Your task: Each line below needs to be returned exactly. Skip any picture.

Recorded data:

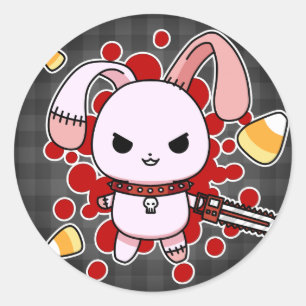 可愛いかわいいセイウチ付きエゾバニー ラウンドシール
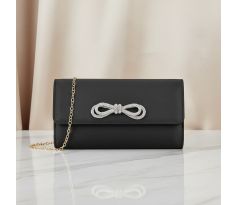 Společenská kabelka saténová s mašlí černá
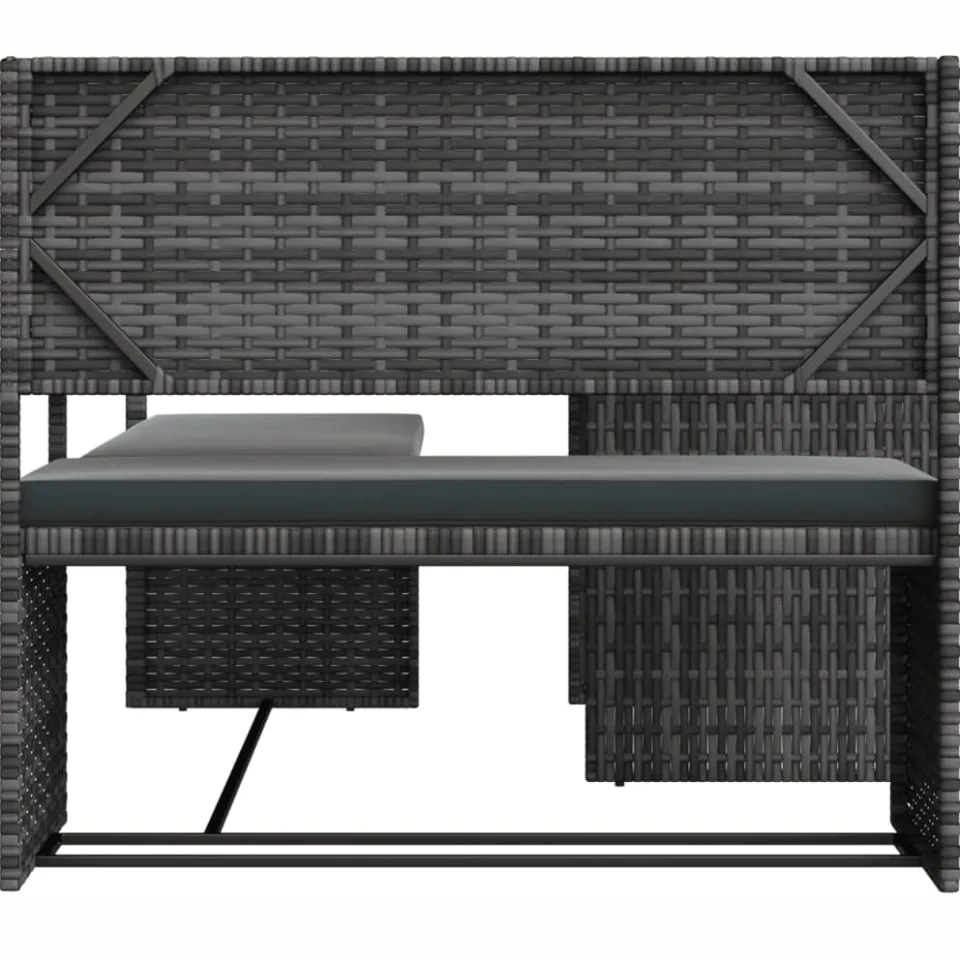 vidaXL Tuinbank met tafel en kussens L-vormig poly rattan grijs, foto 4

Result for this task:
 可愛いかわいいセイウチ付きエゾバニー ラウンドシール
 Společenská kabelka saténová s mašlí černá
 vidaXL Tuinbank met tafel en kussens L-vormig poly rattan grijs, foto 4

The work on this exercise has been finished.